I've always had mixed feelings about the idea of traveling alone. It seemed thrilling to simply be free to wander and explore without having to ask what others are interested in doing but it also seemed scary and lonely not to have someone there to help read maps and eat dinner with. Sure I've traveled short-term to places by myself within the United States. But going alone to a completely different country where I didn't speak the language seemed like a disaster waiting to happen.
Thankfully, it wasn't. It was an incredible opportunity that I'm grateful to have had. Luxembourg was never a country I would have picked to visit. It's tiny. Not many people have heard of it. Those who have heard of it seem to commonly think it's a city in another country rather than a country itself. But I think it's lackluster reputation almost made it more exciting. There's something intriguing and endearing about going off the beaten path. Plus it's where this conference was so it's not like I had a choice in the matter.

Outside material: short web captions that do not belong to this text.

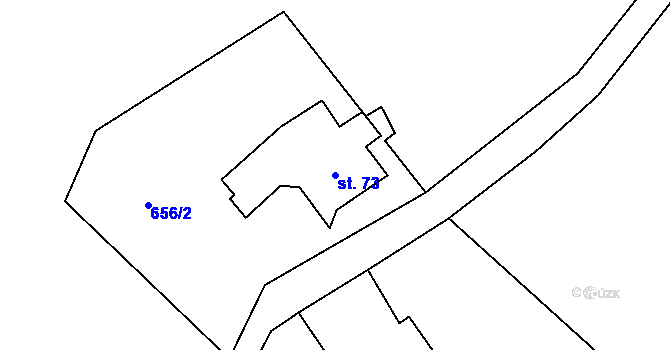 Parcela st. 73 v KÚ Těchlovice nad Labem, Katastrální mapa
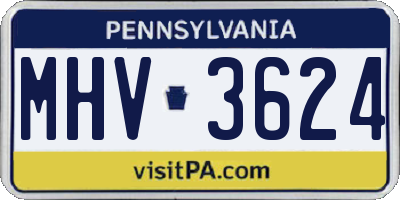 PA license plate MHV3624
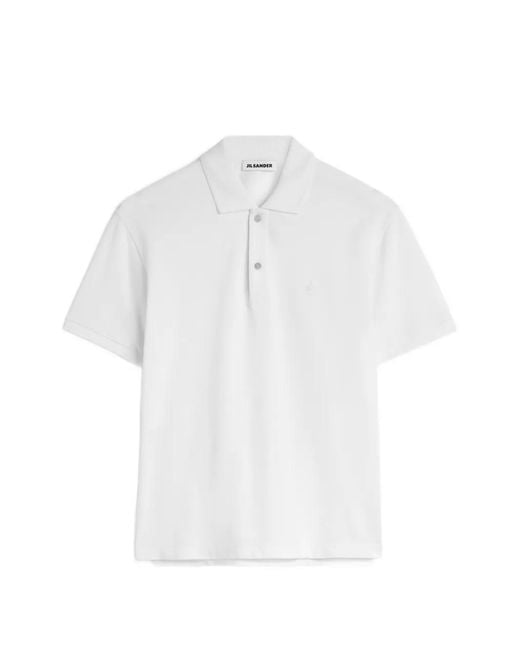 Jil Sander White Short-Sleeve Polo Shirt for men
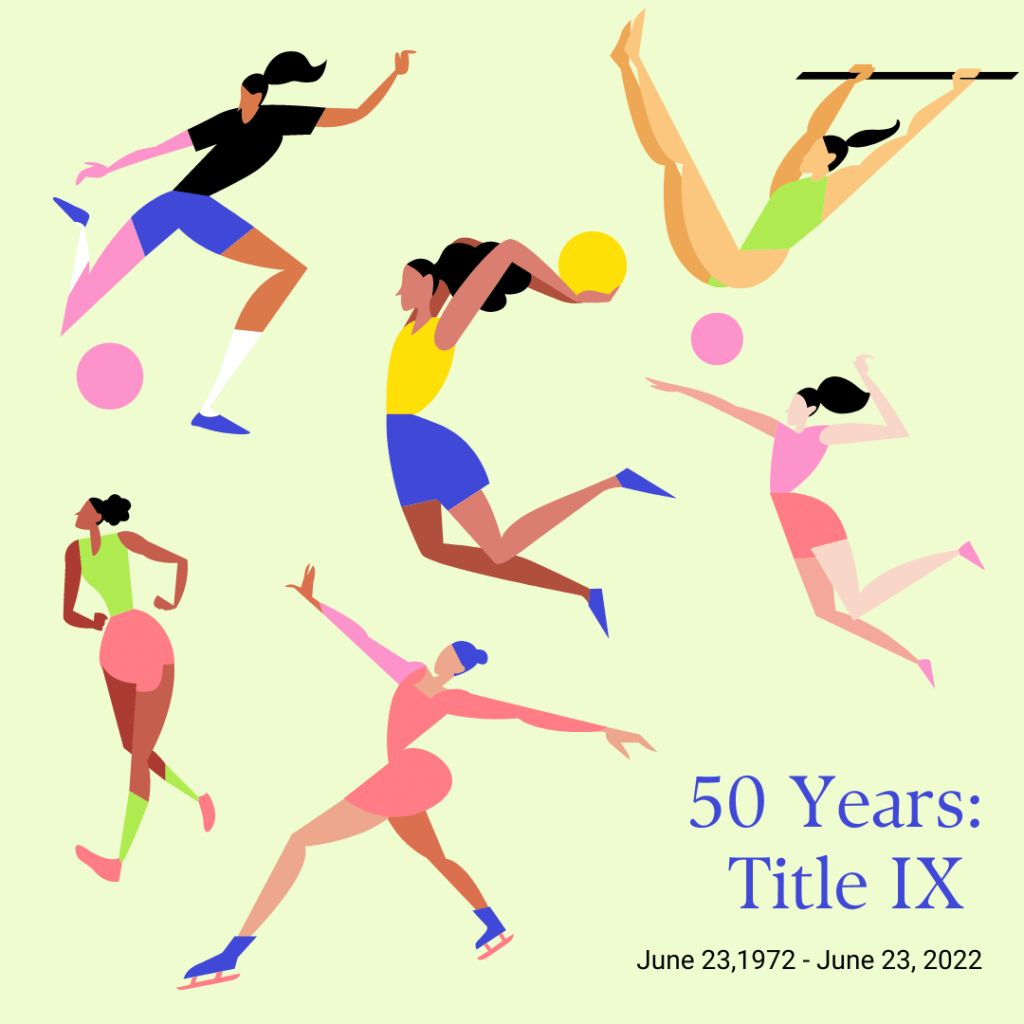 Image of women doing sports labeled 50 years: title IX. june 23, 1972 - June 23, 2022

The conference was held at a small but beautiful castle in Differdange, which is right near the French/Luxembourg border (the closest AirBnB that I could find was actually in France). It was the smallest conference I had ever been to but I actually liked it a lot more because it gave me more opportunities to talk to the other presenters, ask questions, and get feedback on my own work. Once the conference was over, I finally had sometime to explore Luxembourg City. The first thing I did was walk through the Valley of the Petrusse, which is basically a giant park in a giant valley with the city on either side. It was probably one of the most beautiful, surreal, and bizarre parks I've ever been in. The fall leaves made it even more incredible. I tried oh so hard to get a picture that captured how amazing it was, but nothing did it justice.
After this amazing trip, I discovered that traveling alone is pretty great (though, there are always advantages to being able to split costs with a travel companion). It gives you time to day-dream, reflect, relax, explore, and so much more all at your own pace. Sitting down at a restaurant and eat dinner by yourself may be stigmatized but learning to be okay with simply enjoying your own company is precious.